Essa é a avaliação de Alexandre Costa, professor da Uece (Universidade Estadual do Ceará) e cientista do clima, sobre duas peças de publicidade de Atila Iamarino para a Shell publicadas nas redes sociais desde o dia 11 de outubro, nas quais o biólogo e divulgador científico diz que o petróleo fornece “energia vital” e “se tornou central em nossa vida moderna”.
As postagens receberam dezenas de comentários críticos de cientistas. “O efeito do petróleo é Porto Alegre debaixo d’água, são a Amazônia e o Pantanal sendo perdidos”, disse Costa ao Nexo. para ele, o prestígio de Atila como divulgador científico — que ganhou projeção na pandemia de covid-19 — foi instrumentalizado pela petroquímica, que tem interesse em chegar a seu público.
“É por isso que o grande problema não é o Atila, mas a Shell. Nesse xadrez, o Atila é só um peão” no longo histórico da indústria na promoção do negacionismo climático, afirmou. Ainda assim, ele criticou as ações de divulgadores que parecem tratar a “informação climática como uma mercadoria qualquer dentro da economia da atenção”.
Nesta entrevista, feita ao Nexo por telefone na segunda-feira (21), Costa explica o histórico da indústria petroquímica na promoção do negacionismo climático e explica por que discursos como o da propaganda da Shell são uma forma renovada desse negacionismo. Fala também sobre o papel da divulgação científica nesse cenário e os paralelos entre os negacionismos do clima e da pandemia.
Qual foi o papel da indústria petroquímica na construção do negacionismo climático?

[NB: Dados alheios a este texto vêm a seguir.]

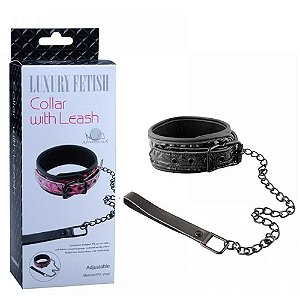 Coleira Luxury com Corrente (PRETO) - COLAR WITH LEASH - VIP SM006 / 5254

ALEXANDRE COSTA O papel foi central. Já havia uma máquina de negacionismo científico estruturada pela indústria do tabaco, que ia muito além do simples lobby corporativo tradicional. Envolvia campanha de relações públicas, envolvimento com a mídia, cooptação de políticos, grupos de apoio — com aquela história da “liberdade do fumante” — e uma dupla cooptação, fosse de médicos — que apareciam em publicidades dizendo que tal marca de cigarro era mais segura —, fosse de cientistas, que faziam o contraponto da hard science para colocar em dúvida [as evidências sobre os malefícios do cigarro] e prolongar o debate artificialmente. Tem um estudo muito bem realizado pela [historiadora da ciência] Naomi Oreskes sobre esse tema, que deu origem ao filme e ao livro “Mercadores da dúvida”.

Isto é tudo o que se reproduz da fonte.